Но, — увы! — в этом отношении дело не лучше обстоит и у двух остальных синоптиков! Казалось бы, этого меньше всего можно было бы ожидать от Луки, который в предисловии к своему евангелию прикидывается как раз «историком». К сожалению, этого и нет. Выражения, вроде : «в те дни», «во время», «в субботу», «через неделю», «тотчас», и т. д., у него преобладают, а где он приводит, по-видимому, определенные хронологические данные, как, напр.: «в правление царя Ирода», «во время переписи в правление Квириния», «когда Лисаний был четвертовластником в Авилинее и всякий должен был записаться», там все эти данные оказываются исторически неправильными. Ирод умер еще за четыре года до начала нашей эры. Квириний был наместником только в 7 — 11 г. по р. х. Лисаний же, когда родился Иисус, тоже насчитывал уже тридцать четыре года со дня своей смерти. Анна и Каиафа не могли вместе занимать должность первосвященников, так как всегда был только один первосвященник. Образ фарисеев, как Лукой, так и остальными евангелистами совершенно извращен. Судопроизводство, на основании которого был осужден Иисус, никоим образом не подходит к тогдашним иудейским обычаям. О дружбе Ирода и Пилата, о которой рассказывает Лука (23, 12), ничего не знает ни один историограф.

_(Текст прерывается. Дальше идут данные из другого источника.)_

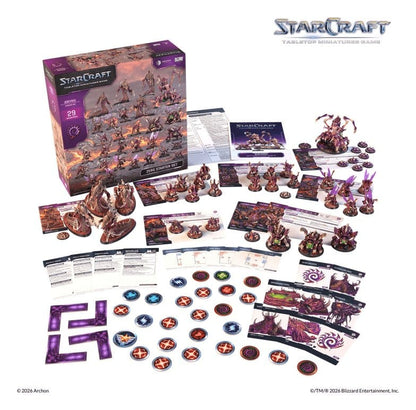 Starter Set: Zerg - StarCraft: The Miniatures Game - Tabletop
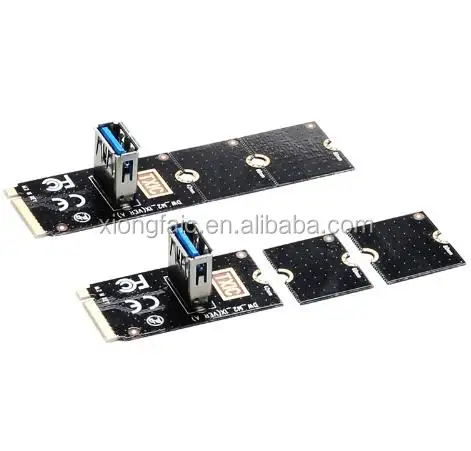 NGFF to PCI-E Riser Card M2 Slot to PCIe Expansion Card Convertor USB 3.0 Extender Adapter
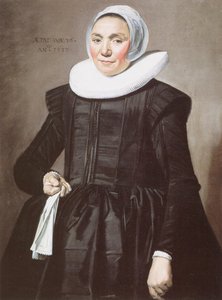 妇女肖像 作者 弗兰斯·哈尔斯（Frans Hals）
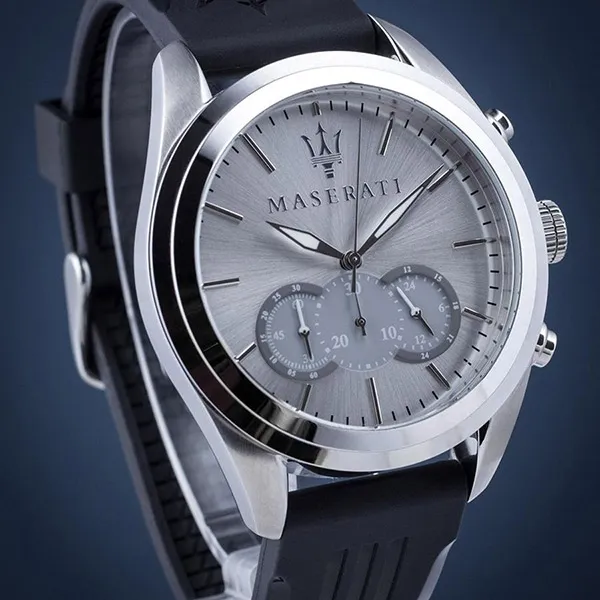 Đồng Hồ Nam Maserati Traguardo Chronograph Silver Grey Mens R8871612012 Màu Xám Bạc - Đồng hồ - Vua Hàng Hiệu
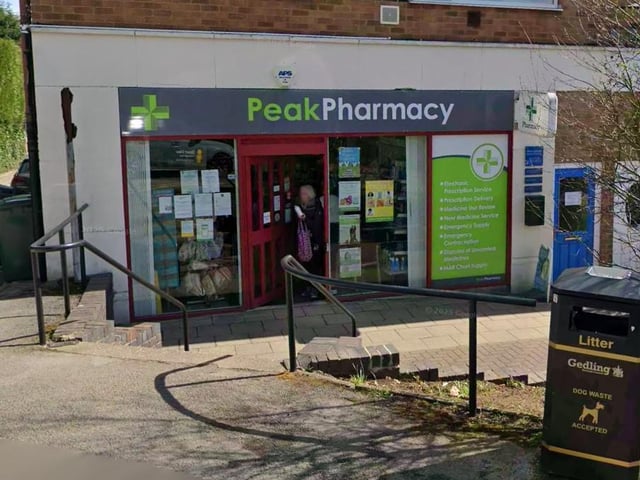 Peak Pharmacy on Milton Court, Ravenshead, will be closed on Christmas Day and Boxing Day.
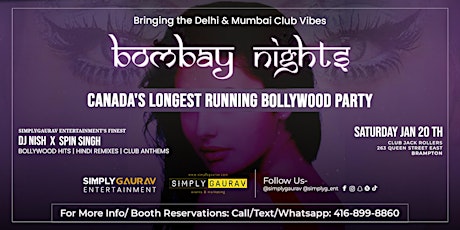 BOMBAY NIGHTS | Longest Running Bollywood Party primary image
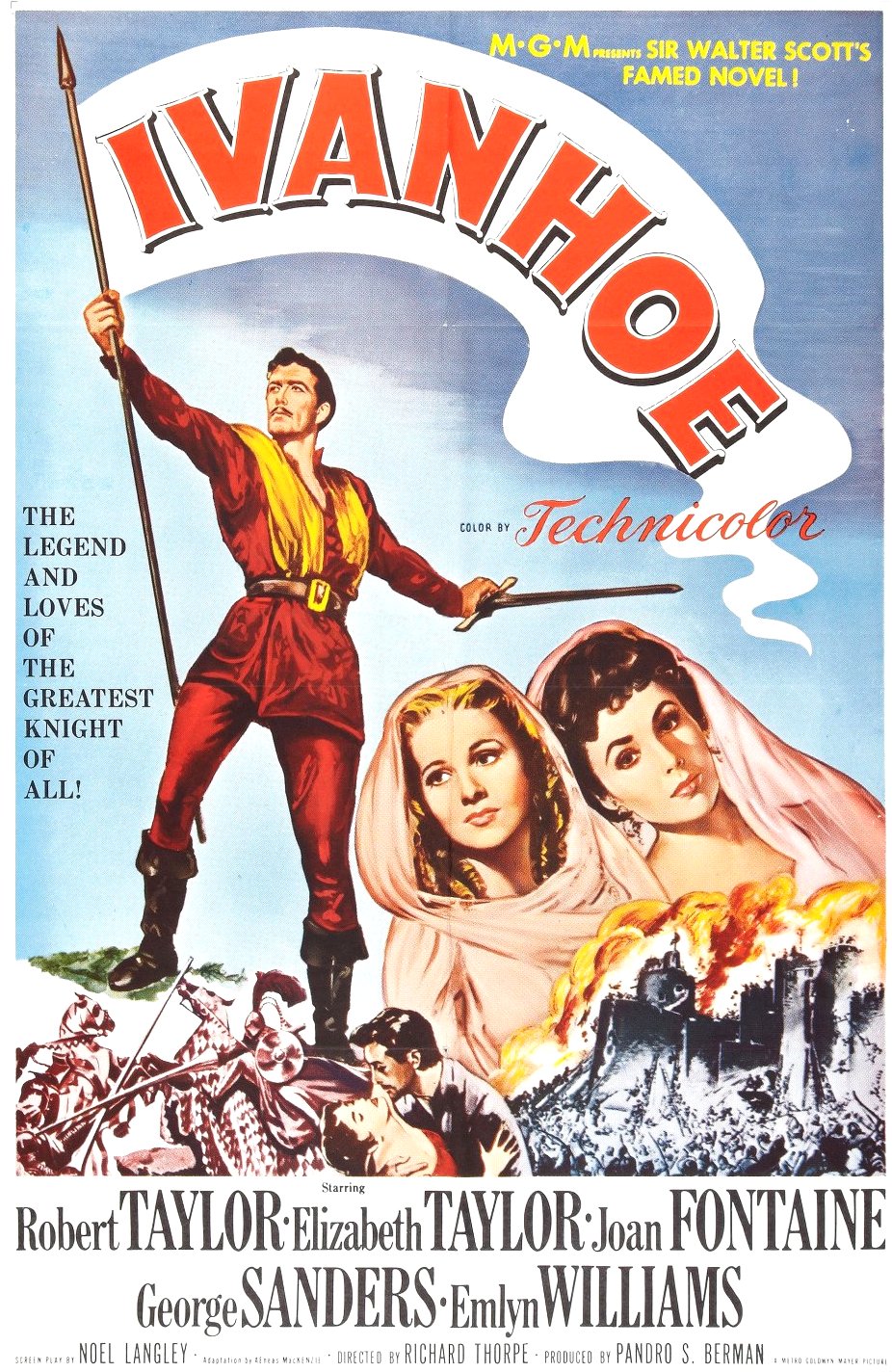 Ivanhoe (1952) Movie Poster from http://www.impawards.com/1952/posters/ivanhoe_xlg.jpg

Правда, исторически верно, что Пилат был наместником в Иудее в 15 году правления императора Тиберия (28). Однако, характер Пилата, как его обрисовывают Лука и прочие евангелия, совершенно противоречит всему тому, что мы знаем об этом лице. И мы вовсе не уверены, что здесь не превращен в историческое событие на основании случайного сходства имен с римским наместником Пилатом оригинальный астральный миф, в котором играл роль Homo Pilatus, т. е. копейщик Орион, и что только на этом основании вся история отнесена на времена первых двух римских императоров. Его можно выбросить из этой цепи, и ничего существенного не пропадет. Она, подобно мифам, по своей сущности совершенно не связана со временем. С этим поразительно совпадает сообщение Августина, что Христос умер 25 марта в консульство двух Геминов (близнецов) (29). Ведь, смерть Христа, по вычислениям А. Немоевского, падает на 25 марта (момент весеннего равноденствия), когда новая луна умирает в созвездии Близнецов, которые по латыни называются Геминами (Gemini). Да и другие многочисленные подробности в евангелиях указывают на то, что основанием мнимо-исторических событий, о которых они рассказывают, служат астральные моменты.